Trauma care access is worse for rural patients

The disadvantages faced by rural hospitals compared to their urban counterparts remain a hot-button issue within healthcare, and new research indicates the gap extends to trauma centers.

Researchers from Oregon Health & Science University, led by Craig D. Newgard, M.D., analyzed data from 44 emergency medical services (EMS) agencies that serve 28 hospitals in seven counties in Oregon and Washington, two of which are rural counties and five of which are urban, according to a study published in JAMA Surgery. They found that in rural areas, only 29 percent of critical trauma patients were taken to a major trauma center, compared to 89 percent of urban patients, who were taken directly to level 1 or level 2 trauma centers.

The researchers also found mortality rates were about equal for urban and rural trauma care, but nine of 10 trauma deaths at rural centers occurred within 24 hours, compared to only 64 percent of urban trauma deaths. Newgard told the Portland Business Journal that this may be due in part to low thresholds at lower-level trauma centers for what necessitates a transfer to a level 1 or level 2 center.

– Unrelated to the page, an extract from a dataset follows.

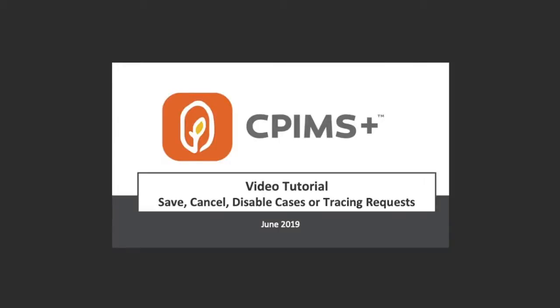This video is about how to save, cancel and disable cases or tracing requests. These are basic functions in the CPMS Plus Primero that will help you better understand how to deal with data entry of cases or tracing requests.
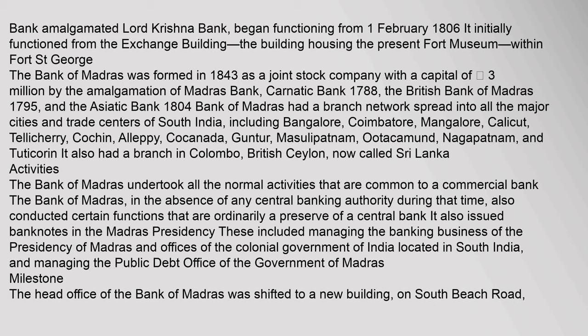Bank of Madras had a branch network spread into all the major cities and trade centers of South India, including Bangalore, Coimbatore, Mangalore, Calicut, Telicherry, Cochin, Aleppi, Cocanada, Guntur, Masulipatnam, Ootacamund, Nagapatnam, and Tuticorin. It also had a branch in Colombo, British Ceylon, now called Sri Lanka.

“We may need a culture change by providers, recognizing that seriously injured patients in rural areas need to be transferred to a major trauma center more quickly,” he said.

Improved care integration between urban and rural hospitals would ensure smoother transfer processes, he said. Newgard also noted that many rural patients may opt for lower-quality care out of a desire to avoid traveling long distances to better-equipped urban or suburban trauma centers.